Credit Risk Transfer

This version

BCBS  | 
18 March 2005
Status:  Superseded
PDF full text
 |  103 pages
Topics: Credit risk


The attached report responds to a request by the Financial Stability Forum (FSF) for the Joint Forum to undertake a review of credit risk transfer (CRT) activity. The report was prepared by the Joint Forum's Working Group on Risk Assessment and Capital on the basis of a number of interviews and discussions with market participants. The report was issued on a consultative basis in October 2004. This final version reflects comments and suggestions received during the consultation process, but does not seek to provide a comprehensive update of the market information contained in the report.

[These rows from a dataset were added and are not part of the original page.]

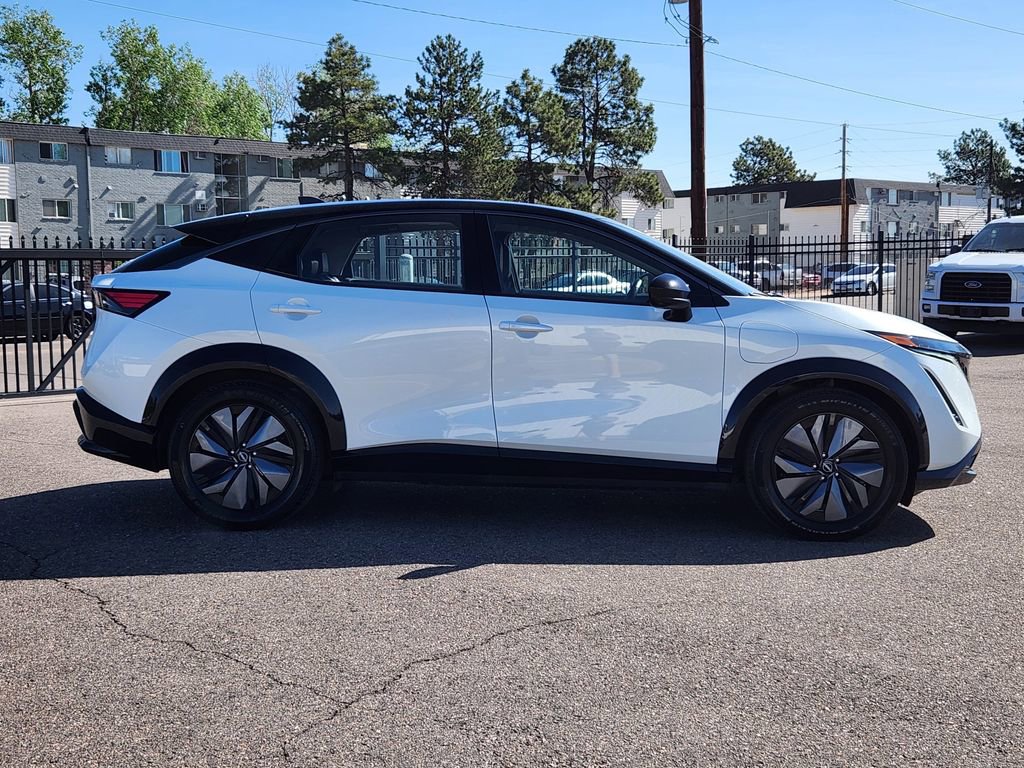Used 2024 Nissan Ariya AWD image 5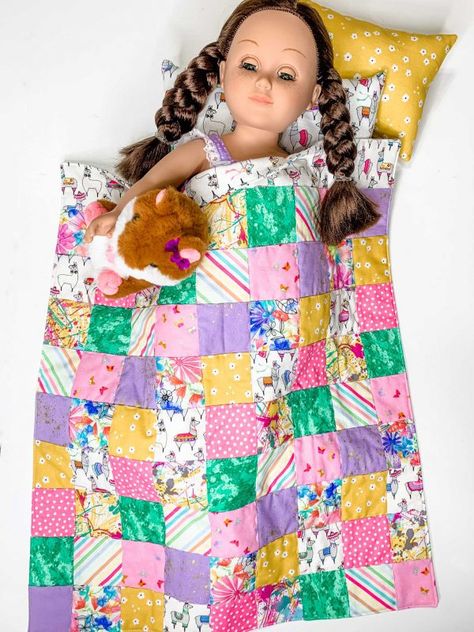 Quilted Doll Blanket, Doll Pillows Diy, Baby Doll Quilts Free Pattern, Baby Doll Blankets To Sew Diy, Doll Quilts Easy, Doll Quilt Patterns Free, Doll Blankets To Sew, Diy Doll Blanket, Doll Quilt Patterns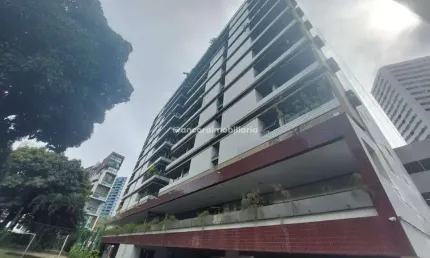 Apresentamos esta imponente cobertura duplex a venda!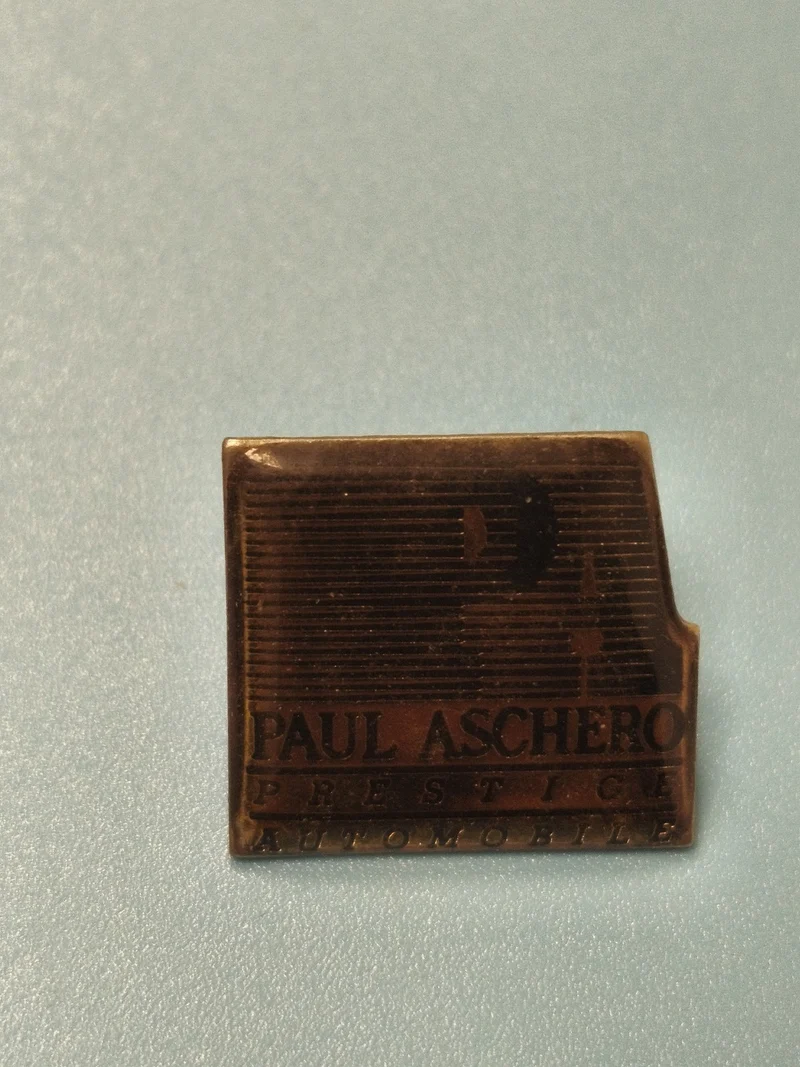 Vintage pin's Paul Aschero prestige automobile rectangulaire ancien collection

The key points raised during the consultation process are described at the end of this Summary.

The September 2003 FSF discussions noted the importance of considering the financial stability issues that could be associated with CRT activity and highlighted three issues in particular: (1) whether the instruments/transactions accomplish a clean risk transfer, (2) the degree to which CRT market participants understand the risks involved, and (3) whether CRT activities are leading to undue concentrations of credit risk inside or outside the regulated financial sector. Additionally, the FSF asked whether there is a need for enhanced reporting to supervisors and improved public disclosures by regulated institutions, as well as whether there is a need for further information on credit risks that are transferred to nonregulated institutions. These questions are addressed below.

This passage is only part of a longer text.